To navigate this new option effectively, IT and security leaders should follow a structured approach:

  1. Inventory and Classify Workloads – List all HSM‑dependent applications and categorize them by regulatory requirement (e.g., FIPS level, eIDAS, PCI).
  2. Map to Cloud HSM Eligibility – Identify which workloads are suitable for Azure Cloud HSM single‑tenant clusters versus those that must remain on‑premises due to control or redundancy needs.
  3. Request Certification Matrices – Obtain from Microsoft and Marvell the exact SKU, firmware, and region coverage for FIPS 140‑3 Level 3 and any other trust frameworks relevant to your industry.
  4. Negotiate Operational SLAs – Cover patch cadences, vulnerability disclosure timelines, firmware rollback procedures, and zeroization steps.
  5. Run a Representative Pilot – Test with production‑like traffic to assess throughput, tail latency, and failover behavior. Use the algorithms and key sizes your applications actually employ.
  6. Demand PQC Roadmaps – Include contractual language that requires post‑quantum algorithm support and field‑upgradeability for long‑lived key material.
  7. Maintain Vendor Diversity – For mission‑critical keys, ensure you have an alternate vendor or hybrid architecture to avoid lock‑in.

What’s Next

Expect Microsoft to gradually roll out LiquidSecurity‑based Azure Cloud HSM instances across its global regions, with availability likely tied to hardware supply and certification milestones. Marvell will continue to invest in the LiquidSecurity roadmap, with a likely emphasis on even higher key densities, more granular partition isolation, and PQC acceleration.

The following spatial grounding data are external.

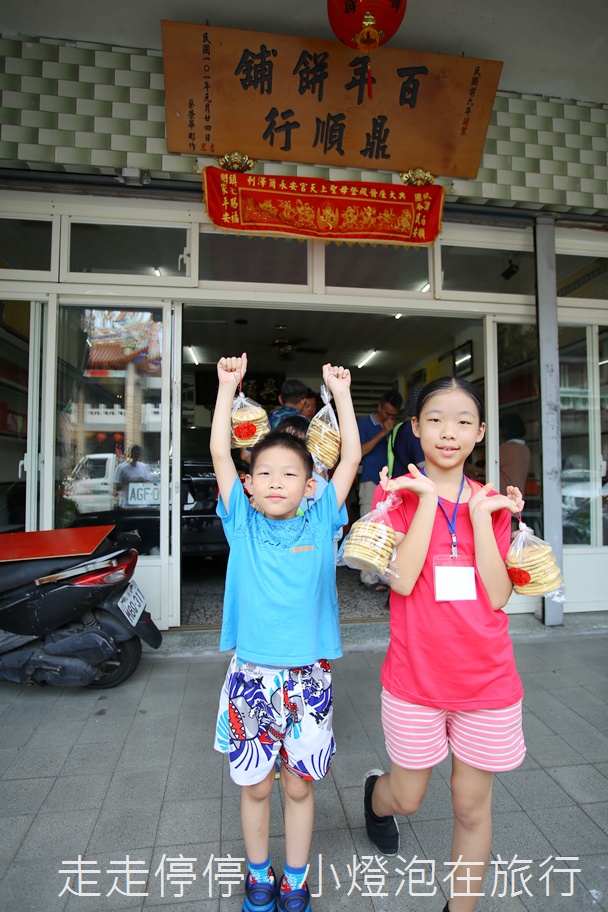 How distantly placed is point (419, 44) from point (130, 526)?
4205 mm

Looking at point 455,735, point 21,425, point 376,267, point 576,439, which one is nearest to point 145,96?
point 376,267

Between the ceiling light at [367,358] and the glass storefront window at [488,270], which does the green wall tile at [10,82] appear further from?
the ceiling light at [367,358]

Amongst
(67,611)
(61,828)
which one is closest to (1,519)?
(67,611)

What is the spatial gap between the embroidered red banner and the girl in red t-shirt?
109 inches

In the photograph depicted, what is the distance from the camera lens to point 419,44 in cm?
376

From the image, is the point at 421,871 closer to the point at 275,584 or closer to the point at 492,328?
the point at 275,584

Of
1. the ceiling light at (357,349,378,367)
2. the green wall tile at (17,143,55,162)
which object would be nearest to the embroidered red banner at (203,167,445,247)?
the green wall tile at (17,143,55,162)

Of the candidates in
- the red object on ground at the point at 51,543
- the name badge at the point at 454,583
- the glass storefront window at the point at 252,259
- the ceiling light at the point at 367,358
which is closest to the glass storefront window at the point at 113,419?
the glass storefront window at the point at 252,259

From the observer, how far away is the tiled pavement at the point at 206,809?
66.6 inches

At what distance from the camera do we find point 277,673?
5.13 feet

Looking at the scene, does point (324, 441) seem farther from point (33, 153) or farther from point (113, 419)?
point (33, 153)

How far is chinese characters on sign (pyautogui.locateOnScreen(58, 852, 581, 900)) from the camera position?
5.54 ft

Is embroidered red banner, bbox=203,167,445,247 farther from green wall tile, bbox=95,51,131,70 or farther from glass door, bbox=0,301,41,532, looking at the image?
glass door, bbox=0,301,41,532

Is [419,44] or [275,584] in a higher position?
[419,44] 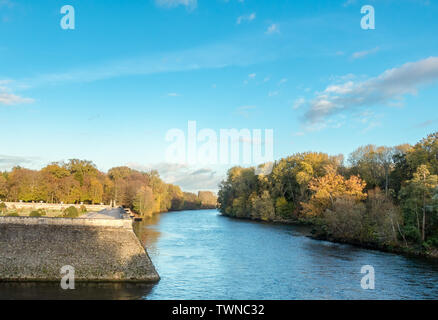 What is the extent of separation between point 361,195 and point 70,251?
5210cm

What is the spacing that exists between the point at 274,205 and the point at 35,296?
285ft

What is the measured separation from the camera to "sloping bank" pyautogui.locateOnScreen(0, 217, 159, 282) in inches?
1139

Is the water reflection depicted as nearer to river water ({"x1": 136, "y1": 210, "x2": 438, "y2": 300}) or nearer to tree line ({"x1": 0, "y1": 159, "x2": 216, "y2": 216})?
river water ({"x1": 136, "y1": 210, "x2": 438, "y2": 300})

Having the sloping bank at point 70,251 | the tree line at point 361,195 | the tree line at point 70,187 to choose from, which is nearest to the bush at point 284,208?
the tree line at point 361,195

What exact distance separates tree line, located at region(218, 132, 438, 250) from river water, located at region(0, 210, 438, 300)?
5.35 m

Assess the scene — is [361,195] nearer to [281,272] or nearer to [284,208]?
[281,272]

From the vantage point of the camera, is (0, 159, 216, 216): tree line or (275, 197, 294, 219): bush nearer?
(0, 159, 216, 216): tree line

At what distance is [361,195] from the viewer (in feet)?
211

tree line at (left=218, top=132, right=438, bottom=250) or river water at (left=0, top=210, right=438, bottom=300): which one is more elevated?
tree line at (left=218, top=132, right=438, bottom=250)

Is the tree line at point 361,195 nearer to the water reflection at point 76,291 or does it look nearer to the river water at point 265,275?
the river water at point 265,275

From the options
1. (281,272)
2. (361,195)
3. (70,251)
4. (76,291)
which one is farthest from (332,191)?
(76,291)

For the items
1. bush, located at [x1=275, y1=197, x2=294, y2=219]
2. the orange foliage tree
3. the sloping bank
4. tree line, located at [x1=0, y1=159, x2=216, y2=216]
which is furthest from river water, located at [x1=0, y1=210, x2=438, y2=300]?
bush, located at [x1=275, y1=197, x2=294, y2=219]

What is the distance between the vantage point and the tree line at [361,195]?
47094 millimetres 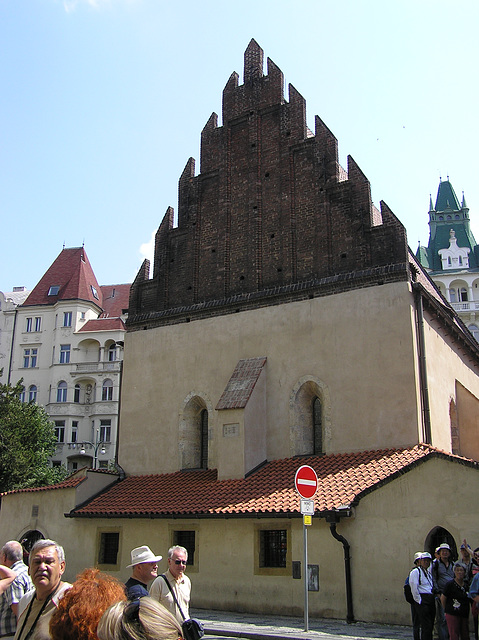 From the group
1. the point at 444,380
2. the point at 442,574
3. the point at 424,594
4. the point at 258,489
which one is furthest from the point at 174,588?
the point at 444,380

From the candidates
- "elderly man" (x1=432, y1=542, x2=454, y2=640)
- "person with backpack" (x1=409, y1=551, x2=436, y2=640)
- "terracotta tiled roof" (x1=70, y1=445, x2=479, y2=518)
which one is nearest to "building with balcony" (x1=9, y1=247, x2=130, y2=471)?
"terracotta tiled roof" (x1=70, y1=445, x2=479, y2=518)

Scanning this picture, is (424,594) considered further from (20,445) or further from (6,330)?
(6,330)

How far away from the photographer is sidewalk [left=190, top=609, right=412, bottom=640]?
11.8 metres

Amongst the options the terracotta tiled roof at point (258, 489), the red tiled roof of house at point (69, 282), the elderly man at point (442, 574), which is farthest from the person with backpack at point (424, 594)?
the red tiled roof of house at point (69, 282)

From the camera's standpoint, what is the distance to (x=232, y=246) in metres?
21.6

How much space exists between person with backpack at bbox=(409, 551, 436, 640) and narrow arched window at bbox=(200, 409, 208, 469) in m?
10.2

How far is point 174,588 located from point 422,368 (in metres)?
11.7

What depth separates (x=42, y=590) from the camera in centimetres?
481

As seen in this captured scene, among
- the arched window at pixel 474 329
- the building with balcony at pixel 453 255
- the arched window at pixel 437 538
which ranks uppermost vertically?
the building with balcony at pixel 453 255

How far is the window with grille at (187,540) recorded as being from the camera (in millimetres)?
17172

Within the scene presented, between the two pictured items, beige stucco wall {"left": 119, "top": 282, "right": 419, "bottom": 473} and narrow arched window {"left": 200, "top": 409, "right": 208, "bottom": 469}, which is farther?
narrow arched window {"left": 200, "top": 409, "right": 208, "bottom": 469}

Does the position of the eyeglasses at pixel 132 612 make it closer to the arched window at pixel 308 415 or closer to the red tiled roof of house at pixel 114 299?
the arched window at pixel 308 415

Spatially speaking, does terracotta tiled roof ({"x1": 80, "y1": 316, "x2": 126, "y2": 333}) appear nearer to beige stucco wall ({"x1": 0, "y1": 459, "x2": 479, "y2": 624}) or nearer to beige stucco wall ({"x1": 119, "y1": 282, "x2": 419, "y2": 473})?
beige stucco wall ({"x1": 119, "y1": 282, "x2": 419, "y2": 473})

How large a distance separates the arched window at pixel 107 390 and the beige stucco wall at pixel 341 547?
31874 millimetres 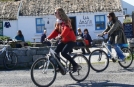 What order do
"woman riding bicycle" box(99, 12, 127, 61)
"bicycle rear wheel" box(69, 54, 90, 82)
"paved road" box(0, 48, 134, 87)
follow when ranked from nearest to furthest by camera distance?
"paved road" box(0, 48, 134, 87) < "bicycle rear wheel" box(69, 54, 90, 82) < "woman riding bicycle" box(99, 12, 127, 61)

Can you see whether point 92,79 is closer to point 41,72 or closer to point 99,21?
point 41,72

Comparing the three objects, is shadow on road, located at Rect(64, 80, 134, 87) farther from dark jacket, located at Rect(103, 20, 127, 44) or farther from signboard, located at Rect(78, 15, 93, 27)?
signboard, located at Rect(78, 15, 93, 27)

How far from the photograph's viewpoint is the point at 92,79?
33.0 ft

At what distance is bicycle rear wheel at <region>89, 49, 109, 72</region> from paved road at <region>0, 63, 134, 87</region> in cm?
17

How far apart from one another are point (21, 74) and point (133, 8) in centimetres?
5501

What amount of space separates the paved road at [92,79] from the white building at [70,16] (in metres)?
18.9

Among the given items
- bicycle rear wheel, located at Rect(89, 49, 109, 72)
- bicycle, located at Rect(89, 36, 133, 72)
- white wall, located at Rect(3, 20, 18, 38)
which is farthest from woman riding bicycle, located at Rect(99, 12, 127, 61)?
white wall, located at Rect(3, 20, 18, 38)

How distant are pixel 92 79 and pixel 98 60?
64.4 inches

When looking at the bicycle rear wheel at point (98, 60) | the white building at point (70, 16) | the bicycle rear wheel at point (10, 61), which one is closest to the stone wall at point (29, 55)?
the bicycle rear wheel at point (10, 61)

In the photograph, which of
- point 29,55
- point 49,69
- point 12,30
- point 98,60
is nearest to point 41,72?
point 49,69

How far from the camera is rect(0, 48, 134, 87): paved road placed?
9367mm

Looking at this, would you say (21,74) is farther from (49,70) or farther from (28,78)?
(49,70)

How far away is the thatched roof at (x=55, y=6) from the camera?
101 feet

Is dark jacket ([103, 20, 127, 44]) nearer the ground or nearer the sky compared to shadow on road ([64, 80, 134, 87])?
nearer the sky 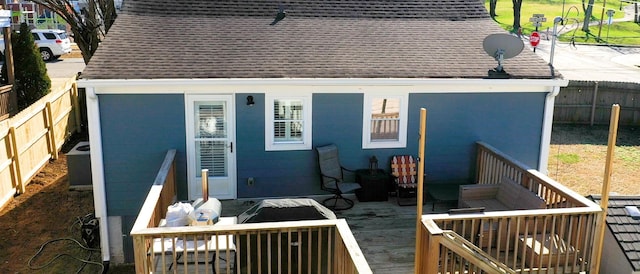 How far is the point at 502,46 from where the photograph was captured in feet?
29.2

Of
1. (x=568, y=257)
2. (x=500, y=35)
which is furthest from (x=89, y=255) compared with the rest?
(x=500, y=35)

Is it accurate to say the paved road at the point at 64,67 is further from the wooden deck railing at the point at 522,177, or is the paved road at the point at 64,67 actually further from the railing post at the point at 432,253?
the railing post at the point at 432,253

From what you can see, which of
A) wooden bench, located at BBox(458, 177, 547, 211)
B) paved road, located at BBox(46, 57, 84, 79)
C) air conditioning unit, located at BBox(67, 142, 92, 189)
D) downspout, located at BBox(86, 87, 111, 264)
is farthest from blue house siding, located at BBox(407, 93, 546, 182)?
paved road, located at BBox(46, 57, 84, 79)

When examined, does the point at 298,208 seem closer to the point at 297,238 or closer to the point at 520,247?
the point at 297,238

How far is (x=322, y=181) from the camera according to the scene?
8.59 metres

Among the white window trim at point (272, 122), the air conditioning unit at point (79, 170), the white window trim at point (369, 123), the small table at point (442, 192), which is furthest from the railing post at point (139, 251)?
the air conditioning unit at point (79, 170)

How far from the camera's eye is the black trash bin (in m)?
5.61

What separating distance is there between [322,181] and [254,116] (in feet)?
4.76

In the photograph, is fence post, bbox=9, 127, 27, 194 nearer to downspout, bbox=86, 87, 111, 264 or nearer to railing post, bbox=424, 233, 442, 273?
downspout, bbox=86, 87, 111, 264

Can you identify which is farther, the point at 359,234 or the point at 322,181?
the point at 322,181

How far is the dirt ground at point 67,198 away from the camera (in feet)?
27.8

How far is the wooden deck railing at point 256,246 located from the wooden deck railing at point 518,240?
101cm

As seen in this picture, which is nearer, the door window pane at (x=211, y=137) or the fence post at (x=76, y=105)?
the door window pane at (x=211, y=137)

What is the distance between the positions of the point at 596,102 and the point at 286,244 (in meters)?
15.4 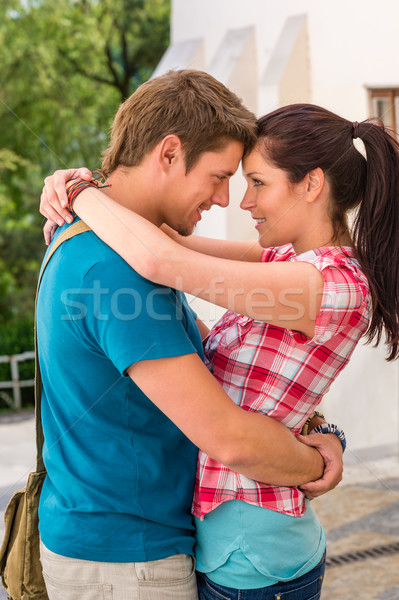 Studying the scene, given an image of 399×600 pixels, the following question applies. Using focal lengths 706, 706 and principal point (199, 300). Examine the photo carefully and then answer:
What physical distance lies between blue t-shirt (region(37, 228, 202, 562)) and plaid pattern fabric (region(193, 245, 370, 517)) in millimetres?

The broader HSM market will watch this deployment closely. If Azure customers validate the promised performance and compliance benefits, other cloud providers may follow suit, accelerating the shift from appliance‑centric to PCIe‑based HSM‑as‑a‑service. That could further commoditize hardware‑backed cryptography and make strong encryption more accessible to organizations that previously could not justify the cost and complexity of on‑premises HSMs.

For now, the Azure–Marvell alignment changes the procurement calculus for hardware‑backed cloud cryptography. Its benefits are tangible—density, latency, compliance—but so are the tradeoffs around vendor concentration and the need for rigorous testing. The organizations that approach this new capability with the same diligence they apply to any foundational security infrastructure will be the ones that safely unlock its potential.